**EXERCISE INSTRUCTIONS**
Beginning with the first line, retype exactly the records below up to and including the line with "Vieja de Jerusalén."; pictures do not belong in the copy.

**THE INPUT**
· · · · · · ·
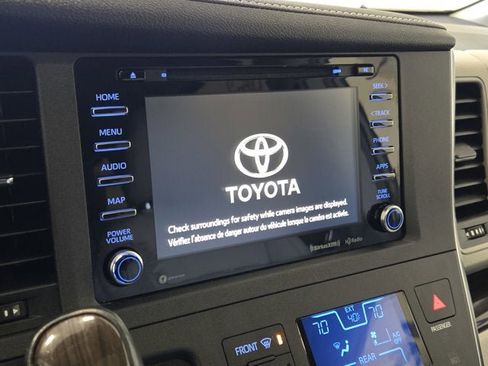 Used 2019 Toyota Sienna XLE Premium image 26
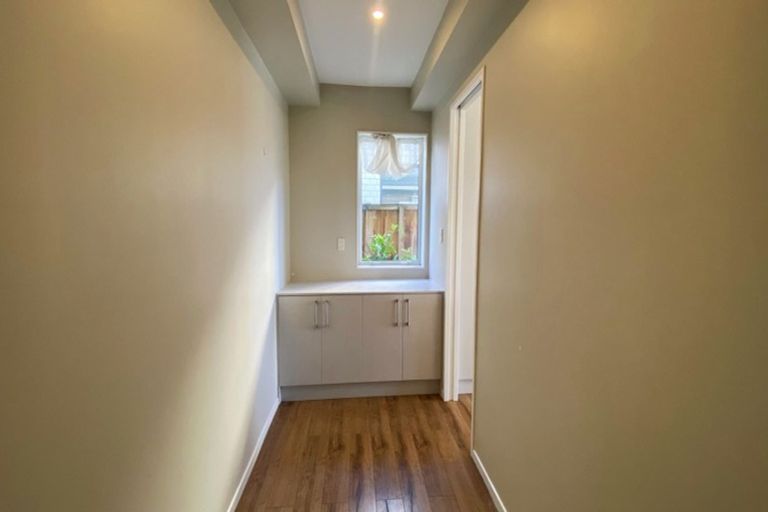 Photo of property in 12 Marsh Avenue, Forrest Hill, Auckland, 0620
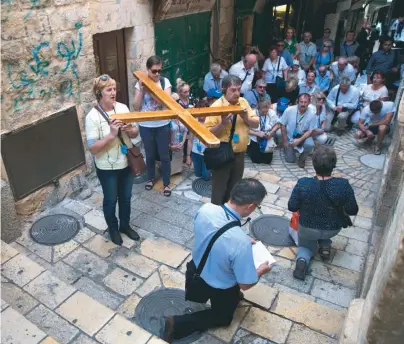  ?? / AP ?? Imagen de archivo de fieles llevando una cruz hacia la Iglesia del Santo Sepulcro, Ciudad Vieja de Jerusalén.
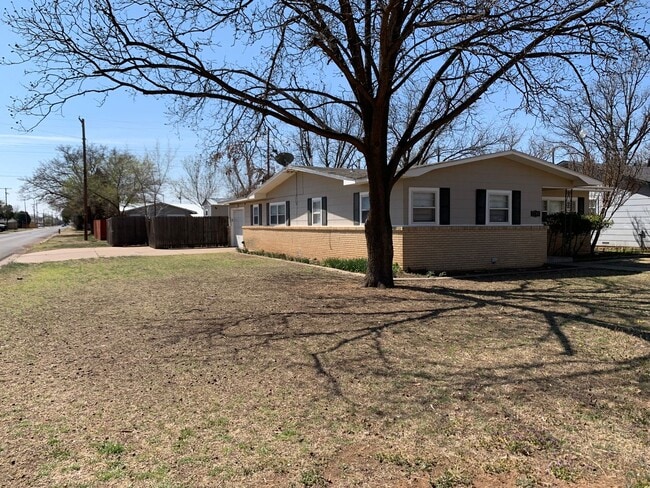 Building Photo - Recently Renovated Home Near Texas Tech Un...
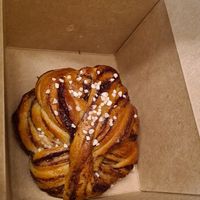 Excellent Kanellbulle at Kafé Plattan in Stockholm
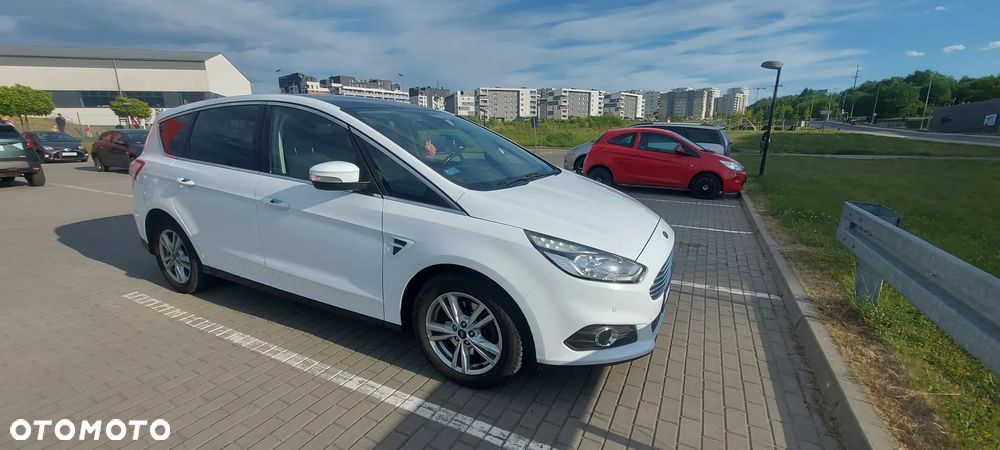 Ford S-Max 2.0 TDCi Titanium PowerShift - 2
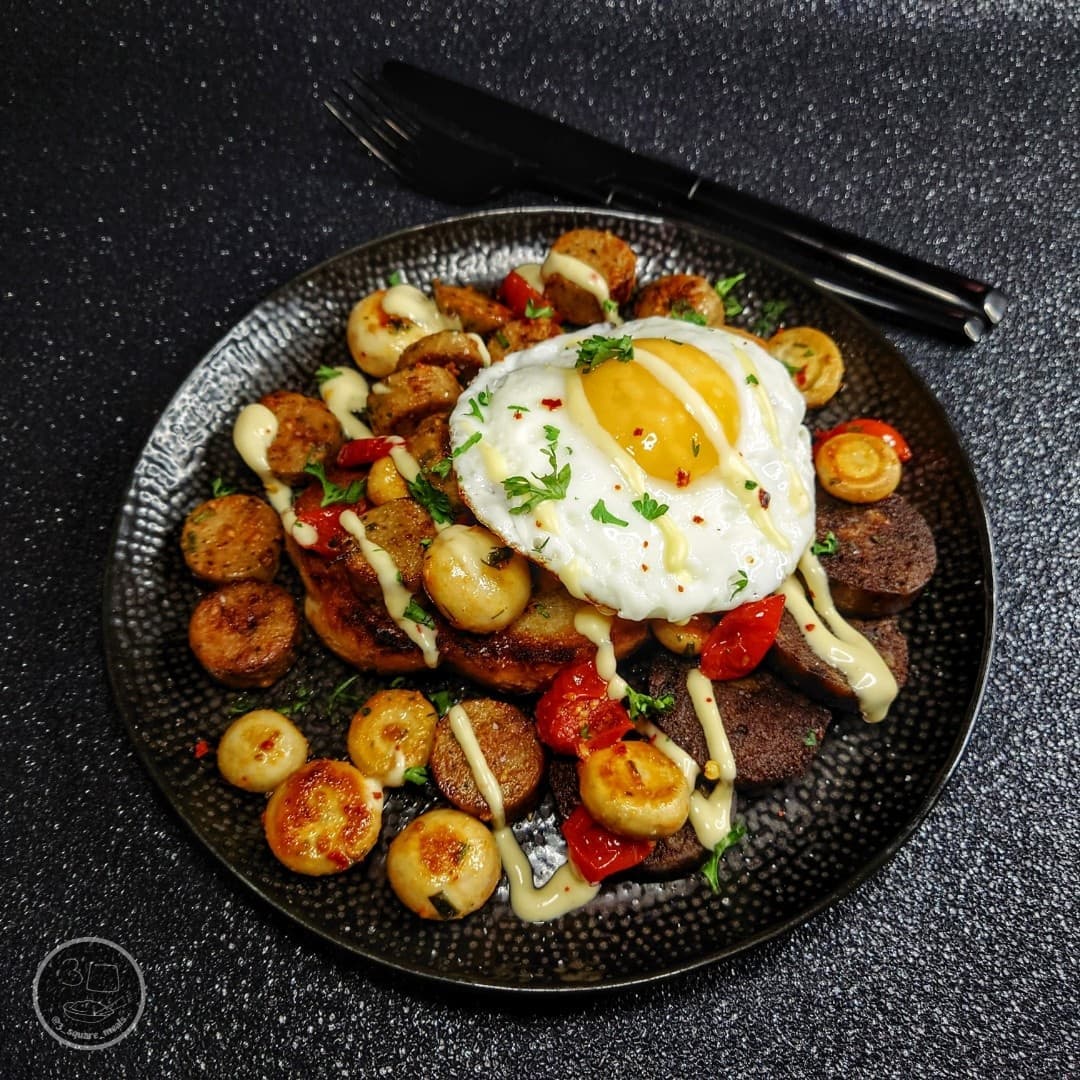 Vegetarian Fry-Up Breakfast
· · · · · · ·
**EXPECTED ANSWER**
 Used 2019 Toyota Sienna XLE Premium image 26
 Photo of property in 12 Marsh Avenue, Forrest Hill, Auckland, 0620
  ?? / AP ?? Imagen de archivo de fieles llevando una cruz hacia la Iglesia del Santo Sepulcro, Ciudad Vieja de Jerusalén.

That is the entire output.